Data for analysis

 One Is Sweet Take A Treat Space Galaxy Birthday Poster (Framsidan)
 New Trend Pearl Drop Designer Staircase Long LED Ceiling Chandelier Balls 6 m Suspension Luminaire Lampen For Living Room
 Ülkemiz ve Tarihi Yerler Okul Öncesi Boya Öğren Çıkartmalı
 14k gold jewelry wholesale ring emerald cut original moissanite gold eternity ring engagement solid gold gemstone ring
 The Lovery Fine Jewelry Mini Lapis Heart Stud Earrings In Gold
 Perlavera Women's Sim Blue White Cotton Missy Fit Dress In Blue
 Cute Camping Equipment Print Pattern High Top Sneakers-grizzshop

Exercise requirements
Copy out all the records exactly.

Expected answer
 One Is Sweet Take A Treat Space Galaxy Birthday Poster (Framsidan)
 New Trend Pearl Drop Designer Staircase Long LED Ceiling Chandelier Balls 6 m Suspension Luminaire Lampen For Living Room
 Ülkemiz ve Tarihi Yerler Okul Öncesi Boya Öğren Çıkartmalı
 14k gold jewelry wholesale ring emerald cut original moissanite gold eternity ring engagement solid gold gemstone ring
 The Lovery Fine Jewelry Mini Lapis Heart Stud Earrings In Gold
 Perlavera Women's Sim Blue White Cotton Missy Fit Dress In Blue
 Cute Camping Equipment Print Pattern High Top Sneakers-grizzshop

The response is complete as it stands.